Alla firma erano presenti il questore Massimo Gambino, la dirigente del Centro operativo sicurezza cibernetica Assunta Esposito e il rettore Stefano Corgnati. L’intesa rappresenta la prosecuzione della collaborazione avviata negli ultimi tre anni, con l’obiettivo di consolidare le attività di prevenzione e contrasto ai crimini informatici.

Tra i punti cardine dell’accordo figurano lo scambio rapido di informazioni, l’analisi condivisa dei rischi e l’organizzazione di percorsi formativi congiunti. Previsti momenti di confronto tra gli esperti della Polizia postale e il personale accademico, per accrescere competenze e capacità di risposta di fronte ad attacchi sempre più complessi.

“La sinergia tra mondo accademico e Polizia di Stato si rafforza ulteriormente con questa firma”, ha sottolineato il questore Gambino, evidenziando le elevate competenze operative della Polizia cibernetica.
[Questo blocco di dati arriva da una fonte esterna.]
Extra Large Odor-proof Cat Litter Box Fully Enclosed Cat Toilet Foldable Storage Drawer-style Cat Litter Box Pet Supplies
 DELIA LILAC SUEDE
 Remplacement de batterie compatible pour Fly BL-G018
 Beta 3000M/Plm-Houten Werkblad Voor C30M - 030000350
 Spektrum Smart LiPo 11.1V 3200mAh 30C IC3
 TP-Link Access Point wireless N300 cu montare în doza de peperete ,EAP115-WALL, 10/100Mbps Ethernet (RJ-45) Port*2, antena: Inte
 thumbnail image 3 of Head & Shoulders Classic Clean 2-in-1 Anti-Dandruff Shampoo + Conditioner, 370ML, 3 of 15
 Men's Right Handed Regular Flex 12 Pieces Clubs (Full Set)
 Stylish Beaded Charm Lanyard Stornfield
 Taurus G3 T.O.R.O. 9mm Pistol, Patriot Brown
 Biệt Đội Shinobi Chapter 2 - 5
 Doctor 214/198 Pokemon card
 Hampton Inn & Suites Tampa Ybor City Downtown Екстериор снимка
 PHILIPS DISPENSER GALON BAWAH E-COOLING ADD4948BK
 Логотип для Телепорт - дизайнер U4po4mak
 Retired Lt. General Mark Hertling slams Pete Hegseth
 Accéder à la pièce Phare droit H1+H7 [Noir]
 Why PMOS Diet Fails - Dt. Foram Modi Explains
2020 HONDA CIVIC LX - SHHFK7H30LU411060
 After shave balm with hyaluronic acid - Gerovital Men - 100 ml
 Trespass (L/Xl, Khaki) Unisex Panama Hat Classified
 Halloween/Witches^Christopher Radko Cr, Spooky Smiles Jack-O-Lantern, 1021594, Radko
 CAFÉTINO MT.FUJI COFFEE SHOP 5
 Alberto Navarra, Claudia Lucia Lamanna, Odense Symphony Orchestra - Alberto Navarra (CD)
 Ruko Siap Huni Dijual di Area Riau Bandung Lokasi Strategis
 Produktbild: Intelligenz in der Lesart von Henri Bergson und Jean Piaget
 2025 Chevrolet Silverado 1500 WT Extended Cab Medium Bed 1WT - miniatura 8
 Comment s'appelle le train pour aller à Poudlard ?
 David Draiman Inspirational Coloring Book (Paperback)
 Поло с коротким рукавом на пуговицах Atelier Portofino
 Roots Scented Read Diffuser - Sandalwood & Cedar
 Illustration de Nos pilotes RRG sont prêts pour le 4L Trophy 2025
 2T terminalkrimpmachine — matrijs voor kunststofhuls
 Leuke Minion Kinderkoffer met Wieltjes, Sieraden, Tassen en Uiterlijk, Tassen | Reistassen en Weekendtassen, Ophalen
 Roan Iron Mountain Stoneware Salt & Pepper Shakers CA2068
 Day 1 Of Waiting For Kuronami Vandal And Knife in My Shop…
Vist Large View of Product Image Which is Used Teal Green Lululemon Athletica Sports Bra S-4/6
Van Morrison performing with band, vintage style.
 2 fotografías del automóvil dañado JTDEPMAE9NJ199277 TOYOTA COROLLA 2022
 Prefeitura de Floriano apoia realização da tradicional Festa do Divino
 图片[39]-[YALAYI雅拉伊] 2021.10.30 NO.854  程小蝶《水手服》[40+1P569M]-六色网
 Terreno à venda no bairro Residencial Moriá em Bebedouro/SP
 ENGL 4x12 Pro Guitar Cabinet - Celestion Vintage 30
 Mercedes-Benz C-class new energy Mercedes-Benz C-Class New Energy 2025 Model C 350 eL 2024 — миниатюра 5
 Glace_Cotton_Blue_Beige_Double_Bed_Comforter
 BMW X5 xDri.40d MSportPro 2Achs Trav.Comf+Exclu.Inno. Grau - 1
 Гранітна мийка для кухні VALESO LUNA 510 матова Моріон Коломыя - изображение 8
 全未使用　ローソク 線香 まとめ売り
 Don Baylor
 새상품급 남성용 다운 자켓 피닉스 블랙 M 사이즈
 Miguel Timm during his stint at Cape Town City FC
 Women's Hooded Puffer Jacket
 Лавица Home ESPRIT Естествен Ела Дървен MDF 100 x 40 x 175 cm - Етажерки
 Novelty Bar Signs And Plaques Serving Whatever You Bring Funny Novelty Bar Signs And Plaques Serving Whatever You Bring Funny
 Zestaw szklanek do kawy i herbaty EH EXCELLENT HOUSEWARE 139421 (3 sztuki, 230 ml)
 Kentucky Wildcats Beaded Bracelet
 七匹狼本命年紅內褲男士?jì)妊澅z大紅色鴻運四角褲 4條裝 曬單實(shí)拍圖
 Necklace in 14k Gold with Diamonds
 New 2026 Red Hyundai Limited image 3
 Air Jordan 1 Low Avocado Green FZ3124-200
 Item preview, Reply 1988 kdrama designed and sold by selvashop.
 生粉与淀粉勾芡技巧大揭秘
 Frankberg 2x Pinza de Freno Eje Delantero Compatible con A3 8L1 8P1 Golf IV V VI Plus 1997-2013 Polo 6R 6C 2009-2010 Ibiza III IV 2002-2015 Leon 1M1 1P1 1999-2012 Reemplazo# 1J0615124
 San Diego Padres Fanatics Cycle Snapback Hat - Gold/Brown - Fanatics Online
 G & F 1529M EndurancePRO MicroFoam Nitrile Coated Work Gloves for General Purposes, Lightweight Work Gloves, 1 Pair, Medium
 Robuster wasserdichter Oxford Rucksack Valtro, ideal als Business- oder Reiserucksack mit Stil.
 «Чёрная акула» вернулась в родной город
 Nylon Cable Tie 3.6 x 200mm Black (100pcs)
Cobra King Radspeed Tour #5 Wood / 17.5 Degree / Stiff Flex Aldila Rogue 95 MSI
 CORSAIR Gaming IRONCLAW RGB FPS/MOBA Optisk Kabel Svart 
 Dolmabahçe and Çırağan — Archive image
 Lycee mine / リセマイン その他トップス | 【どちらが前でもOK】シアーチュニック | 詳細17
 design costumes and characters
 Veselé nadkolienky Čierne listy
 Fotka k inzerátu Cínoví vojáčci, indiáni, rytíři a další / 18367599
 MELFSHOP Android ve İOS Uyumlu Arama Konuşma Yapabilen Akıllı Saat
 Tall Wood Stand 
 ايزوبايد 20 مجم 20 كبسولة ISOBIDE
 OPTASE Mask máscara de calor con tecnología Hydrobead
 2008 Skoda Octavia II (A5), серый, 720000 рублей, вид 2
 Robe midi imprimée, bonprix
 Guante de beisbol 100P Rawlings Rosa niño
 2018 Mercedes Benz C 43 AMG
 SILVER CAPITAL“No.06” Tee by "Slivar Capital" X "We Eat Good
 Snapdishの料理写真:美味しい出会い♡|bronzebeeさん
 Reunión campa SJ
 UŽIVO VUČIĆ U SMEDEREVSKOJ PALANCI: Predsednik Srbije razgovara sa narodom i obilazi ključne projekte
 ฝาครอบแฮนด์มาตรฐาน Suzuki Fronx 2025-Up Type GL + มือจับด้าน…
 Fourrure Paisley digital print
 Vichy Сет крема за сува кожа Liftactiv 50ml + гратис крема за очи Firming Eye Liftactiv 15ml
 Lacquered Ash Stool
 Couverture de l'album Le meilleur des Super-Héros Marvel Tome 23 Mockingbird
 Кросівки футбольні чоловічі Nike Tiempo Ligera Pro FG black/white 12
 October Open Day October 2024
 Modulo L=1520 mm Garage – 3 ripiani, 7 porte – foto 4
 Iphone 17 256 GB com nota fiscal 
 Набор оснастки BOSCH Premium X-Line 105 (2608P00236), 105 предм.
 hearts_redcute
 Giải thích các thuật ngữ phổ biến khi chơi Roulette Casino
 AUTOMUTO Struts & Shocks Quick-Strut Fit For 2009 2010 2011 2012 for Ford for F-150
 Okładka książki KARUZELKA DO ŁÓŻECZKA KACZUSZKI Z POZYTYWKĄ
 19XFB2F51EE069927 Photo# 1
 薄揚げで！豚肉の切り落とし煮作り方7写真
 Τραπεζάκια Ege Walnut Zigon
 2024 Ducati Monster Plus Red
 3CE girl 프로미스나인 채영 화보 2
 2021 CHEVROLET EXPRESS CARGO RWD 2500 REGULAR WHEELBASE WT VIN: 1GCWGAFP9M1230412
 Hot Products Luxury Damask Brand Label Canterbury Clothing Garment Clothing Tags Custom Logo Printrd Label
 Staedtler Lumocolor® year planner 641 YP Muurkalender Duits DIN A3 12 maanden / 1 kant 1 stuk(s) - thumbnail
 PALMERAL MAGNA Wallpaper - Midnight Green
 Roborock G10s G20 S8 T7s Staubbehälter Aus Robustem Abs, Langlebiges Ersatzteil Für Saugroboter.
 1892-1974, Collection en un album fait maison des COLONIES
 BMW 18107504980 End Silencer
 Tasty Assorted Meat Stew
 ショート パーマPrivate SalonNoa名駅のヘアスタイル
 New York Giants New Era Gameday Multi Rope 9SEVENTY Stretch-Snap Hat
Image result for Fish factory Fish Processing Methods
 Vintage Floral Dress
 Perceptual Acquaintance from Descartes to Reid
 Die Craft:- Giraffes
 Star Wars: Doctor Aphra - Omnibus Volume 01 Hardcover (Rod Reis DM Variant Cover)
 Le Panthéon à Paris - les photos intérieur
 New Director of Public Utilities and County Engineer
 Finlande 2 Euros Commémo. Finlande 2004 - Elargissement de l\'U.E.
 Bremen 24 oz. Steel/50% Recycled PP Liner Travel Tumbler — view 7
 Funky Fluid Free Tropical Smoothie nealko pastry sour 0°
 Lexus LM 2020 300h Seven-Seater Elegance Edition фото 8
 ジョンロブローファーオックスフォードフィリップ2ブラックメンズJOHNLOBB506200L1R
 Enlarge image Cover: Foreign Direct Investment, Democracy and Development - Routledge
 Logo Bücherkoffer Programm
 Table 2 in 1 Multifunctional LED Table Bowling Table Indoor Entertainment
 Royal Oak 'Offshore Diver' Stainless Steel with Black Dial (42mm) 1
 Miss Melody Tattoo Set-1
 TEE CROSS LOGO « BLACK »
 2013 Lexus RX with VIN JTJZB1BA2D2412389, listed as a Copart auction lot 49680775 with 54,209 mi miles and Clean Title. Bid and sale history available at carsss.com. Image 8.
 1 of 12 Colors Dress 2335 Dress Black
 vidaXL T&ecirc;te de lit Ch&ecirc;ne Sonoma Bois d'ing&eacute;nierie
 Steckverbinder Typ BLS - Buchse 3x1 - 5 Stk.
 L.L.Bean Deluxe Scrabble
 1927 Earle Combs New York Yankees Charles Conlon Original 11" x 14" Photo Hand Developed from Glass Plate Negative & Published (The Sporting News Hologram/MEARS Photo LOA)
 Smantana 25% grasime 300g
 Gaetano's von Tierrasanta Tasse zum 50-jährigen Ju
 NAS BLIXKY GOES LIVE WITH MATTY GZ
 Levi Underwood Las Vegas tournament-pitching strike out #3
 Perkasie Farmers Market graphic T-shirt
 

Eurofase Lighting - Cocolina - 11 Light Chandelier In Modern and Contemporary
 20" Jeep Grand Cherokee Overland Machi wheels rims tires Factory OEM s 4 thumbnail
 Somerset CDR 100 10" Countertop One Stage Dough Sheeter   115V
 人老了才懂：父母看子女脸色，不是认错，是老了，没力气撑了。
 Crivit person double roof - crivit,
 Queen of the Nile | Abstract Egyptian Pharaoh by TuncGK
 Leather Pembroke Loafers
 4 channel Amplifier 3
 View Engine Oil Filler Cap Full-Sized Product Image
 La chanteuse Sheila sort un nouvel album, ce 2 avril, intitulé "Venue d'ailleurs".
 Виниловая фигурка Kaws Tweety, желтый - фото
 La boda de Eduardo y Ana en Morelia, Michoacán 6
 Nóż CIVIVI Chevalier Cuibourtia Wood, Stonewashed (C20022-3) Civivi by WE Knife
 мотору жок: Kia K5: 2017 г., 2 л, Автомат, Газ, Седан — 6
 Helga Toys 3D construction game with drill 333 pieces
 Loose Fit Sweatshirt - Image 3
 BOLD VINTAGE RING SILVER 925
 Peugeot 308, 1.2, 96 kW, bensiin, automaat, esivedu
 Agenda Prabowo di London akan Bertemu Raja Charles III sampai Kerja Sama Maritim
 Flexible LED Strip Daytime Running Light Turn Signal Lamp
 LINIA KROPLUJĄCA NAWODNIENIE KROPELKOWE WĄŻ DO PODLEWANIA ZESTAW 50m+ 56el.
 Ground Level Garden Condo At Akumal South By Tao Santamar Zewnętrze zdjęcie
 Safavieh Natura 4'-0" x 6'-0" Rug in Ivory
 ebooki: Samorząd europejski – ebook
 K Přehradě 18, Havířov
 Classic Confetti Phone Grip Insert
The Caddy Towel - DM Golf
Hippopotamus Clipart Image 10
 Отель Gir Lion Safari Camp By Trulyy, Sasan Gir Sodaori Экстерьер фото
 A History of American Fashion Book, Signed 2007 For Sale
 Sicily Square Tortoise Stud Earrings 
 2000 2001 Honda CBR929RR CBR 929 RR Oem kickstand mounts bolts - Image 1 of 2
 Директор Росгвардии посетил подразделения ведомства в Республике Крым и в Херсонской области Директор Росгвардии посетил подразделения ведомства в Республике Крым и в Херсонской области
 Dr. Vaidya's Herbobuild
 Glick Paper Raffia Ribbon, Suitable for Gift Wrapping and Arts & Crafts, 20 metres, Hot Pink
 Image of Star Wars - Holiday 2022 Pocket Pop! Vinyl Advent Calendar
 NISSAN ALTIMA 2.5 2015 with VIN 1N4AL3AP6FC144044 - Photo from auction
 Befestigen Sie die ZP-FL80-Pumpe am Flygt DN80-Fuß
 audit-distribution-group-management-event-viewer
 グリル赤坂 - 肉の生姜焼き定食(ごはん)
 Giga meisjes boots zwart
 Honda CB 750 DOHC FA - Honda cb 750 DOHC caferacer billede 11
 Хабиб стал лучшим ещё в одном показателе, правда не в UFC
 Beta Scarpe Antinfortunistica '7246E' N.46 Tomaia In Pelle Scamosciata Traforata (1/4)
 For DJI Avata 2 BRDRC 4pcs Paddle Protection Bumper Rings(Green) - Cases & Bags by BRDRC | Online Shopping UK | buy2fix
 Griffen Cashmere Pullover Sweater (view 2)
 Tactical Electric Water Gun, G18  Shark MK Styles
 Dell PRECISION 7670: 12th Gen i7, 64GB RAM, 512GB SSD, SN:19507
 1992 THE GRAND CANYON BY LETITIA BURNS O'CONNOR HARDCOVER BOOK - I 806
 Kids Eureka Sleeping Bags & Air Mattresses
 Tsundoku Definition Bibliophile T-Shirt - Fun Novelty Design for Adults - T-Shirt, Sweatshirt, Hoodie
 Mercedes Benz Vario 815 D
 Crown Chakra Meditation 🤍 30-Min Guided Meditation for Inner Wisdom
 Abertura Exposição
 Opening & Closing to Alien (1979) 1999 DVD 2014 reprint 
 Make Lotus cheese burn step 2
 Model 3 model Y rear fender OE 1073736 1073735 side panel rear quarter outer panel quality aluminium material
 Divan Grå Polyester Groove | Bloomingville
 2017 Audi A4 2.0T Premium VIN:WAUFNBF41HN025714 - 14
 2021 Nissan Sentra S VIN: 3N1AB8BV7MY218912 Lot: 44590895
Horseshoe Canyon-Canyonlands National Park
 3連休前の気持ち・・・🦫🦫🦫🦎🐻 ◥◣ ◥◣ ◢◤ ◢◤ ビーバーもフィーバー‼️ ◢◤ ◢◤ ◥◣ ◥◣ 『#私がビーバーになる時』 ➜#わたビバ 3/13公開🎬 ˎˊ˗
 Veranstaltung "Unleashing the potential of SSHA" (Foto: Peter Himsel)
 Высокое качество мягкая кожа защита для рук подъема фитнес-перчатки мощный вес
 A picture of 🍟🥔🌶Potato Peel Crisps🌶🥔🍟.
Sulla stessa linea il rettore Corgnati, che ha definito il rinnovo “un esempio concreto di collaborazione istituzionale al servizio del Paese”, rimarcando come la sicurezza digitale rappresenti una sfida urgente e in continua evoluzione.

Anche la dirigente Esposito ha ribadito l’importanza dell’accordo, spiegando che la conoscenza delle tecniche utilizzate nei cyber attacchi è fondamentale per costruire sistemi di difesa sempre più efficaci e strutturati. In questo contesto, condivisione delle informazioni e formazione restano strumenti chiave per tutelare dati sensibili e servizi essenziali.